The assessment is likely to include:
- A physical examination
- Blood tests to measure the amount of oxygen in the blood and check for an infection
- A pulse oximetry test, where a sensor attached to your fingertip, ear or toe is used to Measure how much oxygen your blood is absorbing
- A chest X-ray and a CT scan to look for evidence of ARDS
- An echocardiogram – a type of ultrasound scan that’s used to look at your heart and nearby blood vessels.
Once diagnosed, treatment for respiratory failure depends on whether it is acute (short-term) or chronic (ongoing), how severe it is and what the underlying cause is.
For example, acute respiratory failure can be a medical emergency and individuals may need treatment in an intensive care unit at a hospital. Whereas chronic respiratory failure can often be treated at home. But if your chronic respiratory failure is severe, you might need treatment in a long-term care centre.
One of the main goals of treatment is to get oxygen to the lungs and other organs and remove excess carbon dioxide from the body.
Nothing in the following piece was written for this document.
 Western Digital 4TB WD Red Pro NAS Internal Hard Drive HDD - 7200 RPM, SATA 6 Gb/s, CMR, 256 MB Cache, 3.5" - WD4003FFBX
Another goal is to treat the cause of the condition such as pneumonia.
Other possible treatments may include:
- Oxygen therapy, through a nasal cannula (two small plastic tubes that go in your nostrils) or through a mask that fits over your nose and mouth
- Tracheostomy, a surgically-made hole that goes through the front of your neck and into your windpipe. A breathing tube, also called a tracheostomy, or trach tube, is placed in the hole to help you breathe.
- Ventilator, a breathing machine that blows air into your lungs. It also carries carbon dioxide out of your lungs.
- Other breathing treatments, such as noninvasive positive pressure ventilation (NPPV), which uses mild air pressure to keep your airways open while you sleep. Another treatment is a special bed that rocks back and forth, to help you breathe in and out.
- Fluids, often through an intravenous (IV), to improve blood flow throughout your body. They also provide nutrition.
- Medicines for discomfort
- Treatments for the cause of respiratory failure. These treatments may include medicines and procedures.